Кое-кого, если не ошибаюсь, Аркадий Исаакович взял в свою труппу. Но факт, что
со сцены исчез еврейский язык... А Райкин сам по себе и на русском языке был
еврейским театром.
Я не хочу отодвинуть в
небытие остальных артистов Театра миниатюр под руководством Райкина. Они сами
наступали на горло собственной песне. Да и мы, авторы, вместе с ними
«отыгрывали короля» – зритель не только не знал наших фамилий – он вообще не
подозревал о нашем существовании. А между тем райкинские авторы: от Владимира
Соломоновича Полякова и до Жванецкого – это тоже еврейский театр Райкина.
Порой, подбирая авторов, Аркадий Исаакович ходил по краю пропасти. Так, Александр
Хазин, который попал в доклад Жданова и постановление ЦК вместе с Ахматовой и
Зощенко с клеймом «пошляк Хазин», был даже оформлен заведующим литературной
частью и получал зарплату.
Но всех – актеров,
режиссеров, драматургов – Райкин жестко, даже жестоко подминал под себя, под
свои замыслы. Его тяжелую руку мы испытали на себе при первой встрече. Нас с
Володей Тихвинским (с ним мы более тридцати лет проработали в паре) представил
Аркадию Исааковичу турецкий поэт Назым Хикмет. Переводчица Хикмета Муза Павлова
привезла нас на машине в Переделкино на литфондовскую дачу, где он тогда жил.
Разговор носил какой-то польско-турецко-еврейский характер.
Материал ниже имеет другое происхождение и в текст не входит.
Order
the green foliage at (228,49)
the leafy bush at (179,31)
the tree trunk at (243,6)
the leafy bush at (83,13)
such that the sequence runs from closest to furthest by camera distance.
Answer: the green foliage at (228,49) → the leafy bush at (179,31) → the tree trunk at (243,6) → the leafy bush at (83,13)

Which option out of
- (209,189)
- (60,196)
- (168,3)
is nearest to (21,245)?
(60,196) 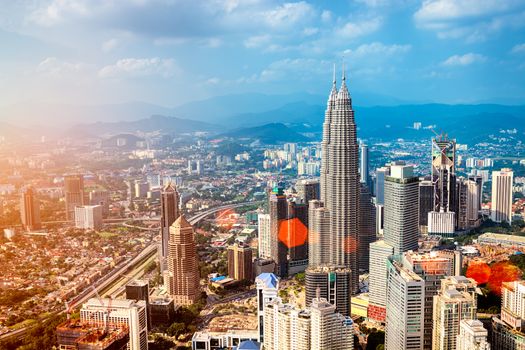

Бежав из турецкой
тюрьмы, Назым принял не советское, а польское подданство, потому что,
естественно, не хотел, чтобы с ним проделали то, что Сталин уже проделал с
другими турецкими коммунистами. И, конечно, тут же выплыл анекдот о еврее,
который принял турецкое подданство, – «затурканный еврей», а потом, как всегда
бывает, еврейский вопрос возобладал над всеми другими вопросами – и Назым
завелся на анекдоты про пана Кона (под этой фамилией в Польше и Чехословакии
фигурирует наш родной Рабинович). Например: Кона спрашивают при приеме в
партию:
– Что вы будете
делать, если откроют границу с ФРГ?
– Я залезу на
дерево.
– Зачем?!
– Чтобы меня не
затоптали, когда все кинутся туда.
Словом, этот вечер с
лауреатом Международной ленинской премии мира прошел в атмосфере сплошной
антисоветчины. И когда на выезде с литфондовской дачи нам преградила дорогу
«Волга», став поперек шоссе, и из нее вышли двое в кожаных пальто – я как-то
даже не очень удивился. Скорей всего, дача была нашпигована микрофонами... Один
«кожан», высокий (его лица я не разглядел – видел только кожаную грудь)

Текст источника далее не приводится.